The system continuously monitors hydrological and meteorological parameters, including precipitation, water level, water flow, humidity, temperature, and seasonal attributes, collected via distributed IoT sensors. Since these variables come from diverse sources and are captured at different sampling rates, a data synthesis mechanism aligns them using a weighted interpolation approach. This transforms irregular time-series inputs into unified patterns suitable for modelling, while preserving critical parameter relationships.
Once the data is preprocessed, a digital twin model simulates the hydrological behaviour of the monitored region. This virtual representation captures how meteorological and hydrological factors interact, providing a dynamic environment for advanced predictive analytics. The next stage involves a neuro-fuzzy intelligence model, which blends neural networks’ ability to learn complex patterns with fuzzy logic’s capacity to reason about uncertainty. This hybrid model calculates a continuous flood vulnerability score, the Flood Index Value (FIV), which reflects the probability that existing conditions will lead to flooding.
Training is performed with a hybrid optimisation strategy over 50 epochs, using real environmental records combined with synthesised datasets to ensure broad coverage of possible scenarios. The model demonstrates strong predictive capability: training accuracy reaches 97.23% and testing accuracy reaches 95.58%. These performance levels significantly exceed those of conventional fuzzy logic systems and artificial neural networks evaluated under identical conditions. Error metrics further confirm the model’s robustness, with an R² value of 0.90 and low root mean square error and median absolute error values, indicating close agreement between actual and predicted flood conditions.
To support data exchange among agencies, authorities, and community systems, the framework incorporates a secure blockchain layer. This decentralised ledger records flood-related events, predictions, and alerts in real time, ensuring that information cannot be altered or compromised. This ledger stores processed information using a reputation-based Byzantine fault-tolerant consensus mechanism.
The approach ensures low-latency verification and high throughput while resisting manipulation or unauthorised modification of disaster-related information. Latency grows modestly as network size increases, but remains within a practical range for real-time emergency operations.
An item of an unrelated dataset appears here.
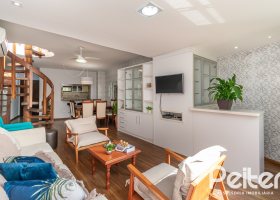 Cobertura à venda com 180m², 2 dormitórios, 1 suíte, 2 vagas, no bairro Vila Assunção em Porto Alegre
Computational and transactional cost analyses further show that the system maintains efficiency despite its multi-layered architecture. This design supports timely warnings and coordinated decision-making, both critical during rapidly evolving flood scenarios.
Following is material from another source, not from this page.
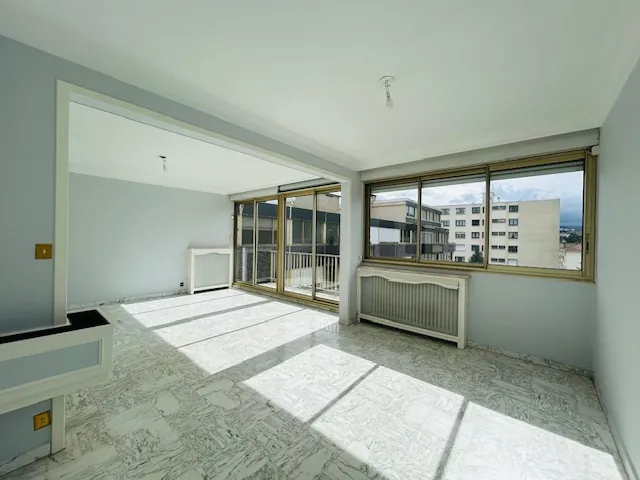 Appartement T3/T4 lumineux avec balcon, cave et grand garage à Saint-Étienne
The integrated architecture reduces computational burden compared to traditional hydrological simulations with a more agile, data-driven alternative while maintaining high predictive accuracy and reliability. By integrating real-time sensing, virtual simulation, intelligent inference, and secure communication, the system provides a versatile platform that supports early warning, risk mitigation, and climate-resilient planning across diverse geographic environments.